The rest of this code is standard OpenMDAO code. The code can be run as normal.

class SellarDerivatives(om.Group):
    """
    Group containing the Sellar MDA. This version uses the disciplines with derivatives.
    """

    def setup(self):
        self.add_subsystem('d1', SellarDis1(), promotes=['x', 'z', 'y1', 'y2'])
        self.add_subsystem('d2', SellarDis2(), promotes=['z', 'y1', 'y2'])

        obj = self.add_subsystem('obj_cmp', om.ExecComp('obj = x**2 + z[1] + y1 + exp(-y2)', obj=0.0,
                                                  x=0.0, z=np.array([0.0, 0.0]), y1=0.0, y2=0.0),
                           promotes=['obj', 'x', 'z', 'y1', 'y2'])

        con1 = self.add_subsystem('con_cmp1', om.ExecComp('con1 = 3.16 - y1', con1=0.0, y1=0.0),
                           promotes=['con1', 'y1'])
        con2 = self.add_subsystem('con_cmp2', om.ExecComp('con2 = y2 - 24.0', con2=0.0, y2=0.0),
                           promotes=['con2', 'y2'])
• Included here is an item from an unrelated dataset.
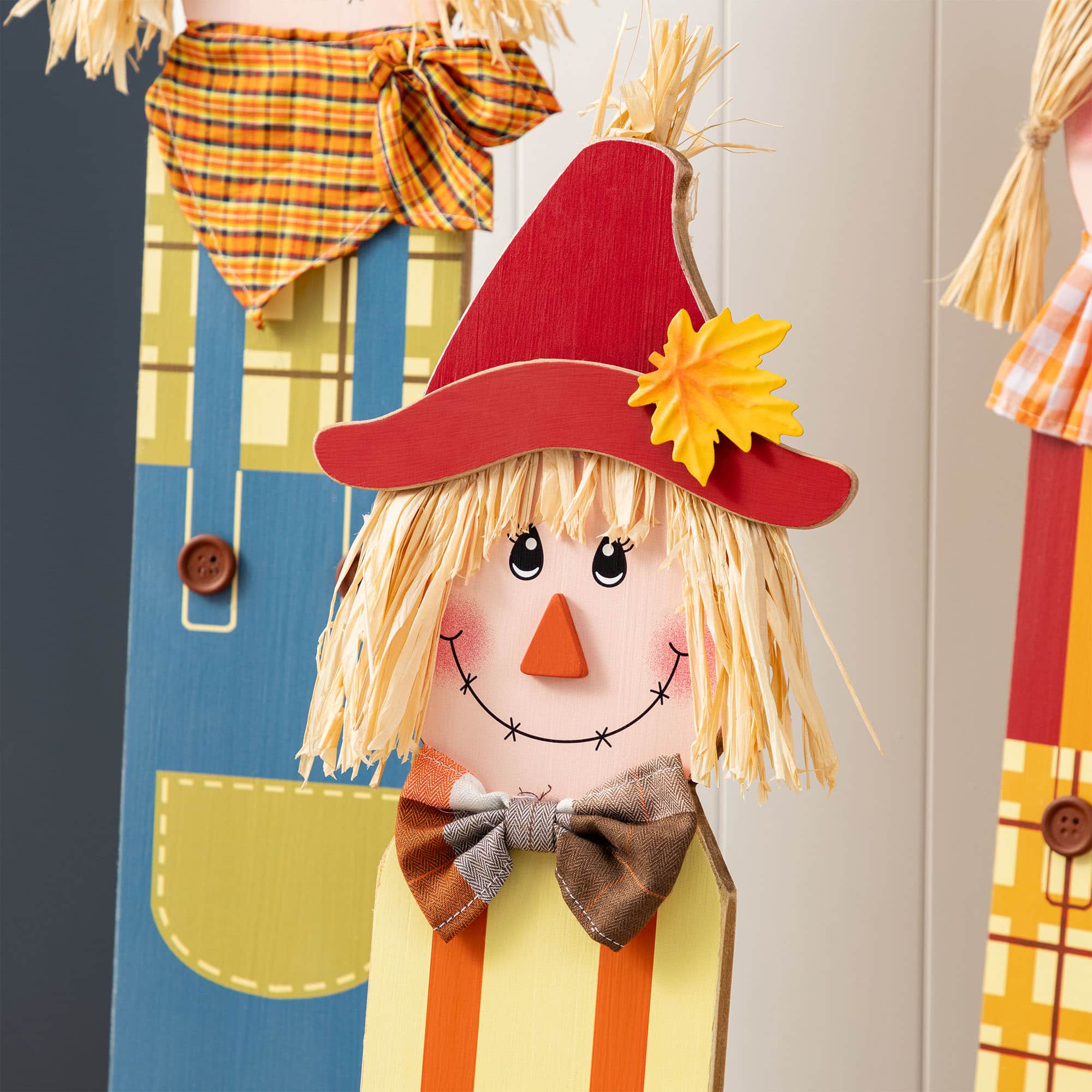 Glitzhome&#xAE; Fall Wood Sacrecrow Family Porch Decor Set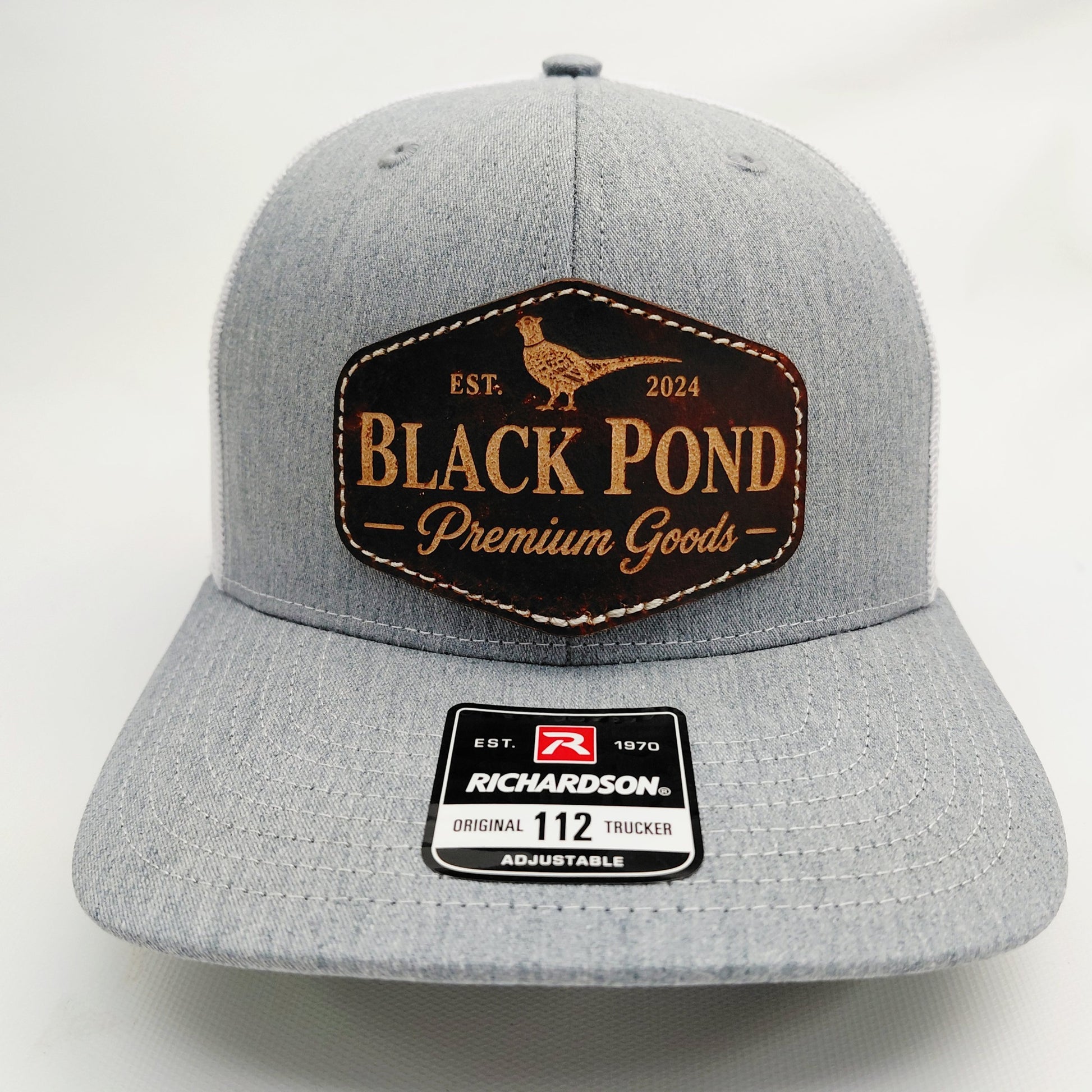 Front view of Black Pond pheasant leather patch Richardson 112 hat in heather gray and white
        # manually declare partials to allow graceful fallback to FD when nested under a higher
        # level complex step approximation.
        obj.declare_partials(of='*', wrt='*', method='cs')
        con1.declare_partials(of='*', wrt='*', method='cs')
        con2.declare_partials(of='*', wrt='*', method='cs')

        self.set_input_defaults('x', 1.0)
        self.set_input_defaults('z', np.array([5.0, 2.0]))


prob = om.Problem()
prob.model = model = SellarDerivatives()

model.add_design_var('z', lower=np.array([-10.0, 0.0]), upper=np.array([10.0, 10.0]))
model.add_design_var('x', lower=0.0, upper=10.0)
model.add_objective('obj')
model.add_constraint('con1', upper=0.0)
model.add_constraint('con2', upper=0.0)
model.add_constraint('x', upper=11.0, linear=True)

prob.set_solver_print(level=0)

prob.driver = om.ScipyOptimizeDriver(optimizer='SLSQP', tol=1e-9, disp=False)

prob.setup(check=False, mode='fwd')

prob.run_driver()
print(prob.get_val('obj'))

[3.18339401]